Today, we will continue with this month's theme of non-Disney parks. This is also a follow-up to my April Fool's Day/Disneyland Trip Report post. I had a record number of hits with that post, but surprisingly, nobody asked me where those photos were taken, and at least one reader believed they were actually taken at Disneyland...and I apologize for that! I did go back and add "Happy April Fool's Day" at the end of the post to hopefully clear things up. Well, just in case anyone out there was wondering, the photos in that post were all taken at Hanayashiki Park in Tokyo Japan, with the exception of the Sleeping Beauty Castle construction photo.
Hanayashiki Park opened in 1853 as a flower park and in 1872, the first rides were installed. The oldest roller coaster in Japan can be found at Hanayashiki (seen below.) It was built in 1953 and was considered to be the most "modern" roller coaster at that time. What is the name of this historic attraction, did you ask? It's simply named, "Roller Coaster." I think I would have at least put an exclamation point after the name, but that's just me.

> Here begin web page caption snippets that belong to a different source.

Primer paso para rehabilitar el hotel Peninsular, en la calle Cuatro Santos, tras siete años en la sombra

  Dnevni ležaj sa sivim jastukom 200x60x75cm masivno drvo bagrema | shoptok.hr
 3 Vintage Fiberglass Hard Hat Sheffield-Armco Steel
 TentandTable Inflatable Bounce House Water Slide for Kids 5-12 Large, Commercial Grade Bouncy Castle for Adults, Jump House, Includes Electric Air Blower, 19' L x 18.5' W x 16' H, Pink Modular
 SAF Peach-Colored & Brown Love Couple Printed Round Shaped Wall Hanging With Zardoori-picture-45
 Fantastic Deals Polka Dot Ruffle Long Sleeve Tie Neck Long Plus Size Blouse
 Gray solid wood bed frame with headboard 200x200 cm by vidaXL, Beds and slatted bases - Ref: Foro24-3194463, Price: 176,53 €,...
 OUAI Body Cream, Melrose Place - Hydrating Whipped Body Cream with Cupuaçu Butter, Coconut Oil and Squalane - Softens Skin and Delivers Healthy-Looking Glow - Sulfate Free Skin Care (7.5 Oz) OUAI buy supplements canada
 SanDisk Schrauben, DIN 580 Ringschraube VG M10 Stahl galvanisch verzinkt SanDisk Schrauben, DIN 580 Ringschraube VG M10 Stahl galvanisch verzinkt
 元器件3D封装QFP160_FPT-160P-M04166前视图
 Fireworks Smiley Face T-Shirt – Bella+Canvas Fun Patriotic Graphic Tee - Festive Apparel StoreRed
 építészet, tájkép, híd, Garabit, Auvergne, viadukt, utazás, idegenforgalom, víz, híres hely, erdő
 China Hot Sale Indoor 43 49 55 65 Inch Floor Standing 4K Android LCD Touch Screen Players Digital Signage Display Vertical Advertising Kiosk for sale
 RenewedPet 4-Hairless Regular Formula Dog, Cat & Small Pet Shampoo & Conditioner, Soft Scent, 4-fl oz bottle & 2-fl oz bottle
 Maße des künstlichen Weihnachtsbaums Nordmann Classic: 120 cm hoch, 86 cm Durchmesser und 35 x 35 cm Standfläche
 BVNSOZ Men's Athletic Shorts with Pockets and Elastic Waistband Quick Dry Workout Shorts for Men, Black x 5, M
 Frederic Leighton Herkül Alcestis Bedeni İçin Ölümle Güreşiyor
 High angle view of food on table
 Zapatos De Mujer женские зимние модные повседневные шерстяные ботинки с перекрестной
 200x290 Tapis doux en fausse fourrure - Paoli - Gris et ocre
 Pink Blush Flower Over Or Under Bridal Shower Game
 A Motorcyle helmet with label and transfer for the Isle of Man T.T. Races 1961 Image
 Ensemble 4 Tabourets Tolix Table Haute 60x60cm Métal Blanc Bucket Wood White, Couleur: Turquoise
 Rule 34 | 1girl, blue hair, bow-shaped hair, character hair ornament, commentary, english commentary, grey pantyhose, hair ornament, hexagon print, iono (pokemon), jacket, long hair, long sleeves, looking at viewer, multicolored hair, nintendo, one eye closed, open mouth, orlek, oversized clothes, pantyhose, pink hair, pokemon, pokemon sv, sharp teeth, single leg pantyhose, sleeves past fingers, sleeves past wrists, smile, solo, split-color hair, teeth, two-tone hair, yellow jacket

The oldest existing attraction in Hanayashiki is the "Surprising House," which was built in 1949. It was the Three Little Pigs themed structure seen in that April 1st post. The guide describes this attraction as "A mysterious house that spins around." I did not go inside at the time that photo was taken, but on a recent trip back to Tokyo and Hanayashiki Park, I did venture inside. Basically, you sit on a long suspended bench seat, which then begins to rock forward and back while the room you are sitting in does 360 degree flip flops around you. The room is "finished" with painted windows, hanging pictures, light fixtures and the real door that you entered through, so it really does a number on your head. It made me think of the 1951 Fred Astaire movie, "Royal Wedding," where he dances up the wall and onto the ceiling. (As a side note, that movie set was supposedly a real room that rotated along with the camera, as Mr. Astaire literally danced "around" the room.) This attraction was definitely not for people prone to motion sickness. I think it's kind of neat that the attraction still exists and continues to entertain people 60 years after it's debut at the park.
Below, is a view of the Sky Ships attraction boarding area. Gee, I wonder where they got the idea for flying pirate ships? If you look off in the distance and to the right, you will see a hellicopter on a track below the blue Sky Ships rail. That attraction follows the same route as the Sky Ships, but the helicopter vehicles ride on top of their track. The attraction is similar to the Sky Trip ride at Tokyo Dome City, but you don't have to pedal these vehicles yourself!
I may do one more non-Disney park post just to finish out the month (perhaps another Knott's post) and then we will get back to Disney stuff. I did visit Tokyo Disneyland and Tokyo DisneySea during my recent Tokyo trip, so I will definitely be posting some current photos and items from those two parks!